“…я прожил жизнь”. Письма. 1920–1950 гг. - страница 13



“Я уезжаю в Нижний, не зная, что меня ждет в будущем. <…> Быть может, она [матушка] права, а неправ был я, на мгновение поверив, что счастье создано для меня. Во всяком случае вы совершенно свободны; что же касается меня, то заверяю вас честным словом, что буду принадлежать только вам, или никогда не женюсь” (август 1830; Х, 816);


“…Ваша любовь – единственная вещь на свете, которая мешает мне повеситься на воротах моего печального замка <…>. Не лишайте меня этой любви и верьте, что в ней всё мое счастье” (30 сентября 1830; Х, 818);


“Въезд в Москву запрещен, и вот я заперт в Болдине. Во имя неба, дорогая Наталья Николаевна, напишите мне, несмотря на то что вам этого не хочется. Скажите мне, где вы? <…> Я совершенно пал духом и право не знаю, что предпринять. <…> Болдино имеет вид острога, окруженного скалами. Ни соседей. Ни книг. Погода ужасная. Я провожу время в том, что мараю бумагу и злюсь” (11 октября 1830; Х, 818–819);


“Не достаточно этого, чтобы повеситься?” (4 ноября 1830; Х, 819).
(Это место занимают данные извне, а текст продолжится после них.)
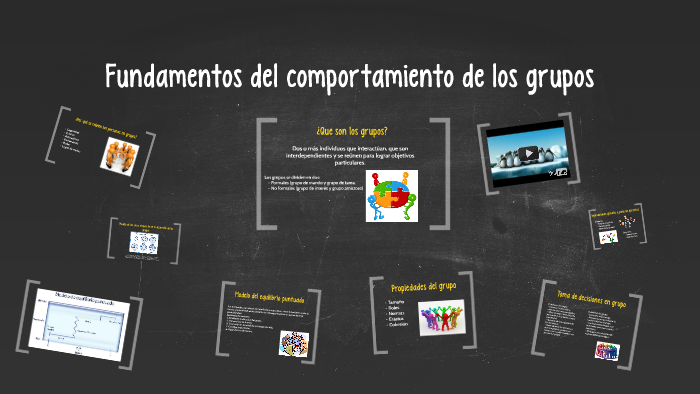 Fundamentos Del Comportamiento De Los Grupos By Paula Avendaño On Prezi 5980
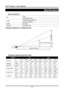 Page 52DLP® Projector – User’s Manual 
– 44 – 
Specifications 
Input Connectors 
VGA PC USB (service only) 
Composite video (RCAx1) Video S-Video (Mini-DIN) 
Audio Mini-jack 
Security Kensington  slot 
Projection Distance vs. Projection Size 
 
 
Projection Distance and Size Table 
PR6022 Tele Wide 
m 1.34 3.58 4.47  8.94 1.54 3.09 3.86 11.58 Distance 
feet 52.76  140.94 175.98  351.97 60.63  121.65 151.97 455.91 
Diagonal  inches 30 80 100  200 40 80  100 300 
Keystone  degree 12.3 12.3 12. 3 12.3 14.2 14.2...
В письмах Пушкина к друзьям 1830 года тема вынужденного болдинского заточения дополняется новыми деталями и существенными уточнениями:

“Я уезжаю, рассорившись с г-жой Гончаровой. На следующий день после бала она устроила мне самую нелепую сцену, какую только можно представить. Она мне наговорила вещей, которых я по чести не мог стерпеть” (В. Ф. Вяземской, август 1830; Х, 816);


“Ты не можешь вообразить, как весело удрать от невесты, да и засесть стихи писать. <…> Ах, мой милый, что за прелесть здешняя деревня! <…> пиши дома сколько вздумается, никто не помешает. Уж я тебе наготовлю всякой всячины, и прозы и стихов” (П. А. Плетневу, 9 сентября 1830; Х, 306–307);


“Я, душа моя, написал пропасть полемических статей…” (А. А. Дельвигу, 4 ноября 1830; Х, 314);


“Скажу тебе (за тайну), что я в Болдине писал, как давно уже не писал <далее перечисляется написанное. – Н. К.>. Хорошо? Еще не всё…” (П. А. Плетневу, 9 декабря 1830; Х, 324).

В письмах к Наталье Николаевне 1833 и 1834 годов из Болдина темы творчества и личной жизни переплетаются, ранее сообщаемые только друзьям “тайны” доверяются жене, чье поведение становится частью личной, семейной и творческой жизни поэта. В письмах “ангелу” и “женке” Пушкин постоянно отчитывается о встречах и написанном, воспитывает жену, уверяет в собственной верности (“грех подозревать меня в неверности”; Х, 420). Одной из сквозных тем воспитания Натальи Николаевны становится кокетство красавицы-жены:

“Нехорошо только, что ты пускаешься в разные кокетства…” (27 сентября 1832; Х, 419);


“…Кокетничаешь со всем дипломатическим корпусом, да еще жалуешься на свое положение…” (3 октября 1832; Х, 422);


“Того и гляди избалуешься без меня, забудешь меня – искокетничаешься” (2 октября 1833; Х, 449);


“Не стращай меня, женка, не говори, что ты искокетничалась; я приеду к тебе, ничего не успев написать – и без денег сядем на мель. Ты лучше оставь уж меня в покое, а я буду работать и спешить” (8 октября 1830; Х, 450);


“Я пишу, я в хлопотах, никого не вижу – и привезу тебе пропасть всякой всячины” (11 октября 1833; Х, 451);


“…Кокетничать я тебе не мешаю, но требую от тебя холодности, благопристойности, важности…” (21 октября 1833; Х, 452);


“Ты, кажется, не путем искокетничалась. Смотри: недаром кокетство не в моде и почитается признаком дурного тона. В нем толку мало. Ты радуешься, что за тобою, как за сучкой, бегают кобели, подняв хвост трубочкой <…>. К чему тебе принимать мужчин, которые за тобой ухаживают? не знаешь, на кого нападешь. <…> И благодарю за то, что ты подробно и откровенно описываешь мне свою беспутную жизнь. Гуляй, женка; только не загуливай и меня не забывай. <…> Да, ангел мой, пожалуйста не кокетничай…” (30 октября 1833; Х, 453–454).